(Data to process begins)

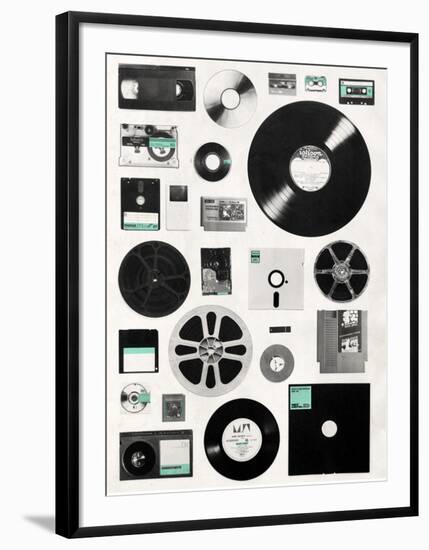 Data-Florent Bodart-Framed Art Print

(Data to process ends)
(Data to process begins)

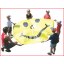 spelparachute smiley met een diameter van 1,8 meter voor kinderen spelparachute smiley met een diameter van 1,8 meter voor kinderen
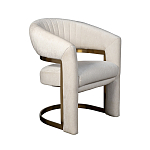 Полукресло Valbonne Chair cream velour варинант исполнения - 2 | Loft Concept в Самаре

(Data to process ends)

▸ What is required:
Above are entries with pictures among them. Write out exactly the lines from the one containing "voor kinderen spelparachute" through the one containing "Полукресло Valbonne Chair", ends included, and leave those pictures out.

▸ Output of the exercise:
 spelparachute smiley met een diameter van 1,8 meter voor kinderen spelparachute smiley met een diameter van 1,8 meter voor kinderen
 Полукресло Valbonne Chair cream velour варинант исполнения - 2 | Loft Concept в Самаре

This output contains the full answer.